Anschobers traurige Bilanz: "Landespolitiker weinten bei mir am Telefon"
Fünf Monate ist es her, da trat Rudolf Anschober vor die Kameras. Und von seinem Amt zurück. Er konnte nicht mehr Gesundheitsminister der Republik sein. Eine Aufgabe, die seine eigene Gesundheit zerstört hatte. In einem Interview zieht er nun Bilanz über seinen Kampf gegen die Corona-Pandemie.

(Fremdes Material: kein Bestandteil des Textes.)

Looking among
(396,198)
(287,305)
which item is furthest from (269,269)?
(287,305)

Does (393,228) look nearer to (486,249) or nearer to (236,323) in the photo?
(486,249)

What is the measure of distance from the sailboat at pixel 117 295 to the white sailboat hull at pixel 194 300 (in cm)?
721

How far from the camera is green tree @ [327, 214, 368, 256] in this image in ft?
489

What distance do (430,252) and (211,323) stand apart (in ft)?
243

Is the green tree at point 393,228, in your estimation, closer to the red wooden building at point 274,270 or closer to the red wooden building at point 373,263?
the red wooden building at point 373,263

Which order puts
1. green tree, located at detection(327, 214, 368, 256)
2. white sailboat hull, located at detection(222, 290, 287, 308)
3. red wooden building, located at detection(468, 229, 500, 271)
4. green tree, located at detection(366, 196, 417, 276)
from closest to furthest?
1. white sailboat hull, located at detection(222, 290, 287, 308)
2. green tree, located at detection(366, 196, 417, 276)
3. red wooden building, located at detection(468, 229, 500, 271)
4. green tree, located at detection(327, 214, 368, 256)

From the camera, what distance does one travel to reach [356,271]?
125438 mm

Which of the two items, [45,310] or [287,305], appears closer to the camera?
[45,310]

Gesundheitlich geht es Anschober mittlerweile besser. Der Tinnitus ist am Abklingen, der Blutdruck in Ordnung. Im Herbst des Jahres 2020 – am Höhepunkt der Corona -Pandemie – sah die Welt des grünen Politikers aber noch ganz anders aus.
“Die Zahlen begannen plötzlich rund um den 22. Oktober sehr stark zu steigen. Die Akzeptanz für Maßnahmen in der Bevölkerung hatte über den Sommer stark abgenommen, immer mehr Skeptiker, zum Teil sogar aus der Wissenschaft, sorgten für Verunsicherung. Zugleich stieg die Aggression, die ersten Morddrohungen kamen”, erinnert sich Anschober.
Dann kamen die Morddrohungen

Im Interview mit “Zeit Online” fährt er fort: “Ich dachte zwar nicht, dass etwas passiert, aber ich habe einen politischen Stil, der auf Kontakt mit Leuten angewiesen ist. Fahrten in der U-Bahn waren wie eine Sprechstunde, ein Energiespender. Davon war ich plötzlich abgeschnitten, wie unter einem Glassturz. Um die zweite Welle doch noch zu schaffen und die notwendigen Maßnahmen durchzusetzen, habe ich mein tägliches Arbeitspensum noch einmal massiv gesteigert. Die letzten freien Fenster zur Erholung wurden gestrichen.”
Nein sagen am Fließband

Dann kann er sich einen Seitenhieb auf seinen ehemaligen Koalitionspartner Bundeskanzler Sebastian Kurz (ÖVP) nicht verkneifen. “Dann kam der Irrsinn der dritten Welle. Das Bundeskanzleramt war zum Teil nicht mehr so unterstützend, die Landeshauptleute haben immer stärker Druck gemacht, zu öffnen. Ich musste in Sitzungsmarathons njet, njet, njet wie am Fließband antworten, die notwendigen Maßnahmen durchzusetzen wurde zur Mammutaufgabe, weil es eben keinen Konsens und keine breite Unterstützung mehr gab. Es ist irrsinnig an die Substanz gegangen, dabei oft alleine zu sein. In dieser Phase habe ich den Wiener Bürgermeister Michael Ludwig schätzen gelernt, der auf Argumente der Experten eingegangen ist.”
Weinende Politiker am Telefon
Gefragt, ob er sein damaliges Vorhaben, gesund zu leben und Sport zu machen, einhalten konnte, antwortet der Ex-Minister mit dramatischen Worten: “Jeder Tag hat mit den Zahlen begonnen, die stiegen und stiegen. Wir wussten nicht mehr, wie man in den Alten- und Pflegeheimen gegensteuern könnte. Mich haben Landespolitiker angerufen, die geweint haben, weil sie nicht mehr wussten, wie man die Todesfälle verhindert. Der Kopf sagt: Du musst jetzt trotzdem auf dich schauen und laufen gehen oder dir für Qigong Zeit nehmen. Aber die Abwägung verschiebt sich. Weil es nicht mehr um herkömmliche Politik geht, sondern tatsächlich um Menschenleben.”